Gingrich introduces a new food group
Early into the debate, front-runner Mitt Romney took a jab at Newt Gingrich and the other candidates, saying he (Romney) wasn’t a career politician.
“I long for a day where instead of having people to go to Washington for 20 and 30 years who get elected and then when they lose office they stay there and make money as lobbyists or connecting to businesses,” Romney said.
Gingrich, given the chance to respond, jumped right in.
“Can we drop a little bit of the pious baloney?” he asked Romney.
The audience seemed to enjoy the jab and on Twitter, reporters and viewers alike repeated the one-liner. Even Romney wasn’t sure how to react to the notion of holy ham, looking surprised but maintaining that almost ever-present smile.
Rick Perry gets a re-do
Remember the infamous Rick Perry “oops moment” from a debate in early November when he was unable to come up with the names of the three agencies he would eliminate if elected.
Today, when asked if it was un-American for people to feel relieved when receiving government help, instead of answering that question, Perry wasted no time stating what agencies he’d remove — and this time, he got it right.

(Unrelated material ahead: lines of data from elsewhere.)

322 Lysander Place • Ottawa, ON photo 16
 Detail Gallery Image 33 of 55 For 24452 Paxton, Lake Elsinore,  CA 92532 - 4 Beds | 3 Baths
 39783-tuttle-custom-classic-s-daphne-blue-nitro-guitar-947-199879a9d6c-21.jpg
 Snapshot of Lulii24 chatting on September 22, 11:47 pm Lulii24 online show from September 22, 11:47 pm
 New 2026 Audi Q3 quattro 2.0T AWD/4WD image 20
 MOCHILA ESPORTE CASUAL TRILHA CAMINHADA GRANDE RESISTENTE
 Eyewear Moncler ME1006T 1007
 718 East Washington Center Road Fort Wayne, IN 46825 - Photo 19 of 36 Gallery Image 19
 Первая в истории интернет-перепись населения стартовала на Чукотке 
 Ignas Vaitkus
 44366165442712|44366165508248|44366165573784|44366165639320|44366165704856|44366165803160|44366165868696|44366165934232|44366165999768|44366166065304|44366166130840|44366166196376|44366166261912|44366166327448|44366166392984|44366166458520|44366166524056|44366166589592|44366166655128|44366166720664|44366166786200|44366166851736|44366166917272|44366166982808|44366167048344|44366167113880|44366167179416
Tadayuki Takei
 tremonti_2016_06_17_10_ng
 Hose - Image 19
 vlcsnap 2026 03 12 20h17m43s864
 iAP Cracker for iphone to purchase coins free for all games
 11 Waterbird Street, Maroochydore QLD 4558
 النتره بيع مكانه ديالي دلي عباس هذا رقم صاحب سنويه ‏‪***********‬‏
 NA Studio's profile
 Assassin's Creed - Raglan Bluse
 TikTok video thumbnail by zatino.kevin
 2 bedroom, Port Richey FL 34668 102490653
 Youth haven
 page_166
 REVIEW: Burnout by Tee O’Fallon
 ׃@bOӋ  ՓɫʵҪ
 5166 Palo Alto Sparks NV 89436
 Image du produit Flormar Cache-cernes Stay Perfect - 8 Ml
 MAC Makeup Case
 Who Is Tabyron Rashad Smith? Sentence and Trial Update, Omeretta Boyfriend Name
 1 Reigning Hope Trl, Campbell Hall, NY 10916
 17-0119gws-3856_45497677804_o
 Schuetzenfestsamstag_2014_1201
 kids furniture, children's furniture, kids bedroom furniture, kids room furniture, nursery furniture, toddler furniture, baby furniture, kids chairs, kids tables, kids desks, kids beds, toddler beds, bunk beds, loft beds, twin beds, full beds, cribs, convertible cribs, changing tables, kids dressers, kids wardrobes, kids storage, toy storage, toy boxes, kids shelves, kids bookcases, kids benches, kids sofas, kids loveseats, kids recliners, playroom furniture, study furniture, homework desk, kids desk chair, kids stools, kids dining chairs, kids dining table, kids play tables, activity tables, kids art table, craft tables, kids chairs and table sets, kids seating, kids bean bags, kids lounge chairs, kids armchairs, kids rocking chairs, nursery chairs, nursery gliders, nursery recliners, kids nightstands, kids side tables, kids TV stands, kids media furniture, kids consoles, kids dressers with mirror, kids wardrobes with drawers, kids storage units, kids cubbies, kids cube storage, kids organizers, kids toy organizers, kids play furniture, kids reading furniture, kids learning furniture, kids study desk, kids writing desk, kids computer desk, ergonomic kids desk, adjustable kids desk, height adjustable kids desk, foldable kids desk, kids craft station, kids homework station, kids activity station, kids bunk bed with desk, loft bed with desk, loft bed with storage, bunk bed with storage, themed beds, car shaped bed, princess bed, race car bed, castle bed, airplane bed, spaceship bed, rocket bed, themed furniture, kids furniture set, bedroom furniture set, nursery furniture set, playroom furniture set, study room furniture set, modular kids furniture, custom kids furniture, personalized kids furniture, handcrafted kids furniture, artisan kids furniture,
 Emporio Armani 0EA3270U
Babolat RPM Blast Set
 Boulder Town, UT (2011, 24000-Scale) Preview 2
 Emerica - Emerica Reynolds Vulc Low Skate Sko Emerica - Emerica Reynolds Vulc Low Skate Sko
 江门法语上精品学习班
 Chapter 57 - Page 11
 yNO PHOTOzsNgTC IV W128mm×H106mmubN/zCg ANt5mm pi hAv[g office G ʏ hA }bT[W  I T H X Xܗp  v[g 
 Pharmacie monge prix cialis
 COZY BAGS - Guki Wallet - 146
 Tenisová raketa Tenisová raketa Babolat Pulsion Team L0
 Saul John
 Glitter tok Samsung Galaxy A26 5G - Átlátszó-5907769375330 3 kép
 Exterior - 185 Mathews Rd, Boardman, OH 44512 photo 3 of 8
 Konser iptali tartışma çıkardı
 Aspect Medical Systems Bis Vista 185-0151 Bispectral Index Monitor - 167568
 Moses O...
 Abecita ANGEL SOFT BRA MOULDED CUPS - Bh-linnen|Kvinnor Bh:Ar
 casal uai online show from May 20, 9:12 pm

“Well, let me answer the question that you asked earlier,” Perry said referring to the November debate. “It would be those bureaucrats at Department of Commerce and Energy and Education that we’re gonna do away with.”
It seemed as if the audience and Perry let out a collective sigh of relief and laughter afterward.
For the record, he eventually did answer the question that was asked, saying that if there was more job creation, some people wouldn’t be as dependent on the government for help.
“You know, the fact of the matter is that Americans wanna have a job,” Perry said. ” And the idea that there are people clamoring for government to come and to give them assistance is just wrong headed.”
Huntsman on the hunt
Jon Huntsman, who in other debates has sometimes seemed passive or non-combative, finally found his voice.
Responding to Romney’s criticisms about Huntsman working for President Barack Obama as ambassador to China, the candidate said he was putting his country first while Romney was busy campaigning.
“He criticized me while he was out raising money for serving my country in China. Yes, under a Democrat. Like my two sons are doing in the United States Navy. They’re not asking who, what political affiliation the president is,” Huntsman said.
Romney countered, saying Huntsman should not represent the GOP after he served in the Obama administration, calling the president a “remarkable leader.”
Huntsman didn’t back down, though.
“This nation is divided …. because of attitudes like that,” he told moderator David Gregory. “The American people are tired of the partisan division. They have had enough.”
The audience applauded.
This was a Facebook debate? Really?
Sitting in the audience, it was hard to tell Facebook had anything to do with today’s debate.
During the 1.5 hour-long program, moderator Gregory asked only two questions that came from Facebook. One was proposed by Facebook user Heath Treat, which one blogger tweeted sounded like a porn star.
There was a Facebook page for the debate, which allowed users to pose questions real-time and discuss the debate, but what’s the point of posing questions if they aren’t going to be used?
It’s hard to know what impact this weekend’s debates will have on voters Tuesday. The latest Suffolk University Political Research Center poll shows 35 percent of voters leaning towards Romney. Paul is in second place at 20 percent and Huntsman is next, with 11 percent.